Berdasarkan pemakaiannya,
digolongkan menjadi zat warna substantif ( bisa langsung digunakan) dan zat
warna reaktif (perlu bahan pembantu untuk pewarnaannya). Sedangkan berdasarkan
warna yang ditimbulkan (coloring matter), dibagi menjadi empat
golongan yaitu zat warna: mordan (alam), direk, asam/basa, dan bejana.
Sebagian besar zat pewarna alami termasuk dalam zat warna mordan alam.

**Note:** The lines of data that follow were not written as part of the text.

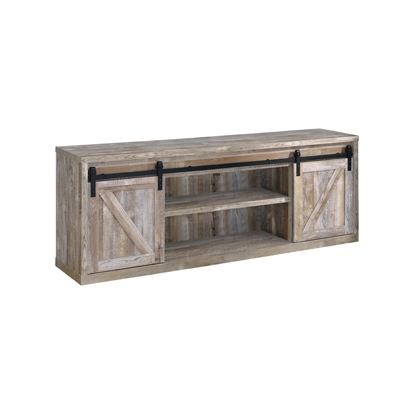 Coaster Brockton 71-inch 3-shelf Sliding Doors TV Console Weathered Oak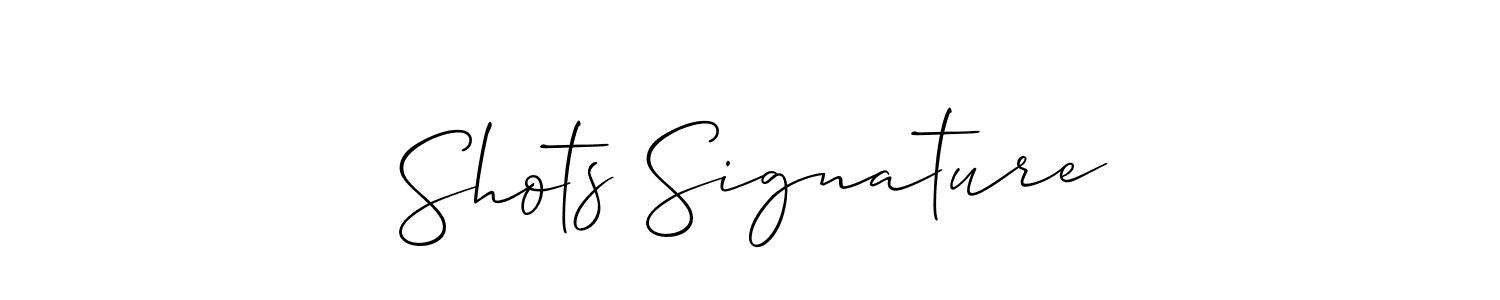How to make Shots Signature signature? Allison_Script is a professional autograph style. Create handwritten signature for Shots Signature name. Shots Signature signature style 2 images and pictures png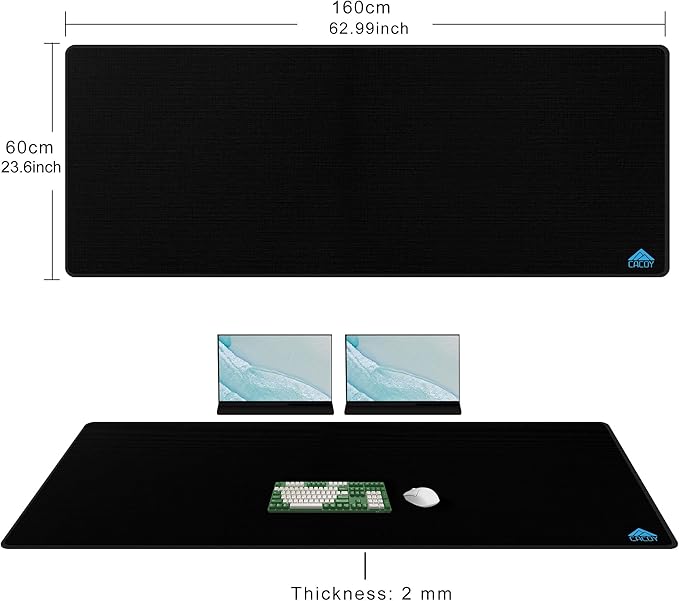 Cacoy 63” x 24” Oversized Gaming Mouse Pad, Extended Gamer Computer Mouse Mat, XXL Large Optimized Speed Control Surface Keyboard Mousepad, Non-Slip Desk Mat with Stitched Edges for Office&Home, Black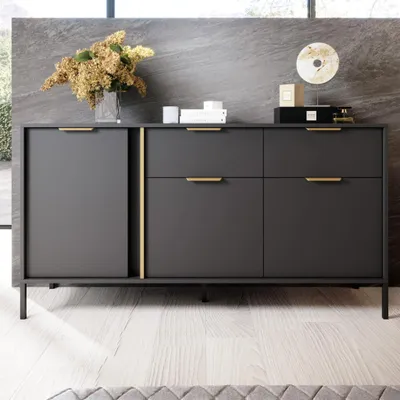 Produktbild von Kommode Sideboard VALDI 153 cm Anthrazit Gold Metallfüße 3D2S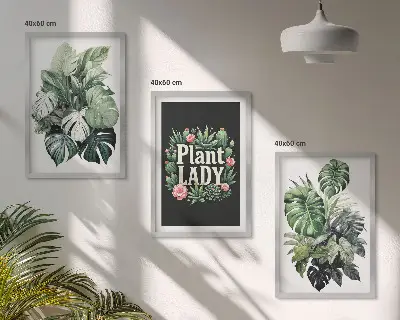 Wanddecoratie set schilderijen tropische planten Plant Lady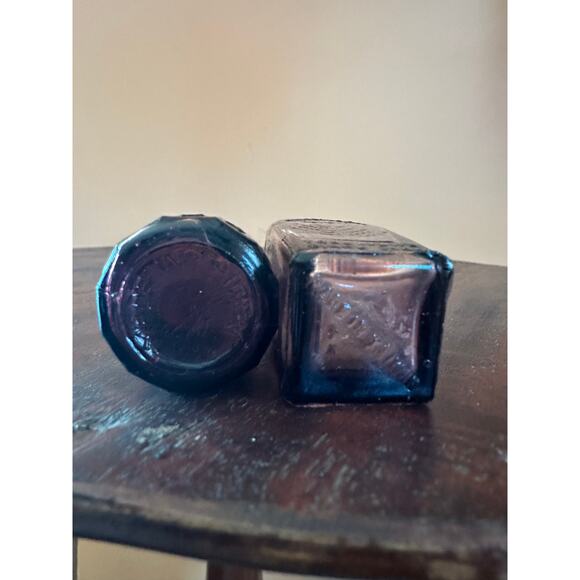 2 Vintage Miniature Purple Elixir and Medicine Bottles - Picture 4 of 11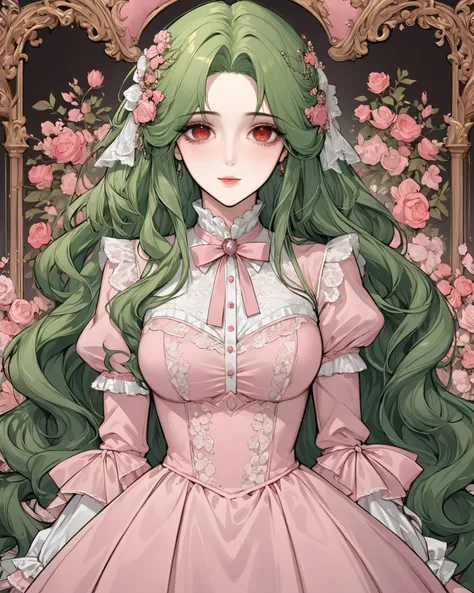 (extreamly delicate and beautiful:1.2), 8K,(masterpiece:1.0),(best_quality:1.0), 1 girl, and intricate detailing, Enlarged textures, and intricate detailing, finely eye and detailed face, and intricate detailing, green long hair, (sweet smiley), Perfect ey...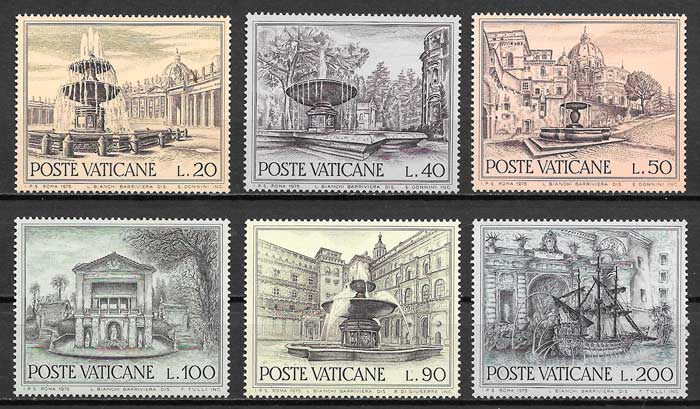 filatelia arquitectura Vaticano 1975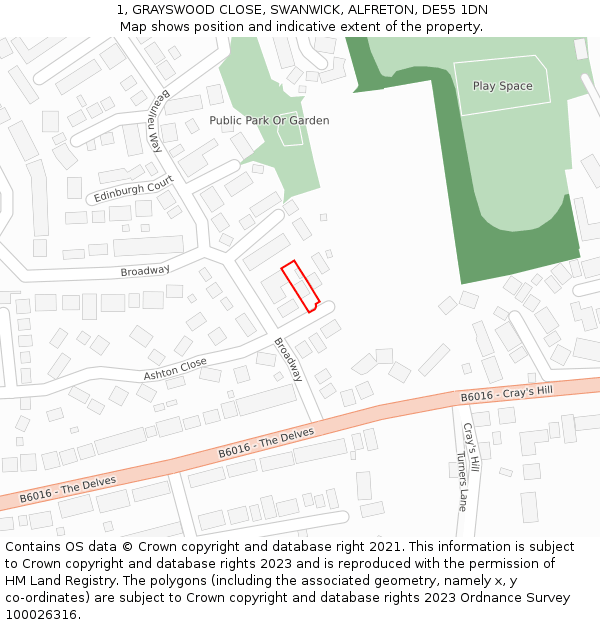 1, GRAYSWOOD CLOSE, SWANWICK, ALFRETON, DE55 1DN: Location map and indicative extent of plot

Agar warna dapat terikat dengan
baik, maka pada proses pewarnaannya diperlukan bahan tambahan untuk pengikat
atau fiksator. Sebagai contoh zat warna kuning dari daun jati dan merah
dari madder memerlukan mordan dari alum yang berfungsi sebagai
bahan pengikat warna.
·
Zat warna direk melekat diserat berdasarkan
ikatan hidrogen, sehingga ketahanannya rendah seperti kurkumin dari kunyit.
·
Zat warna asam/basa memiliki gugus kombinasi
asam dan basa yang cocok diterapkan pada serat sutera atau wol.
·
Pewarna seperti flavonoid tidak menghasilkan warna
permanen pada kain katun.
·
Pewarna bejana dapat mewarnai serat berdasarkan
reaksi reduksi oksidasi (redoks). Ia dikenal sebagai zat warna paling tua
didunia dengan ketahanan paling unggul dibanding zat pewarna alami yang lain. Contoh
zat warna indigotin berasal dari daun nila (indigofera).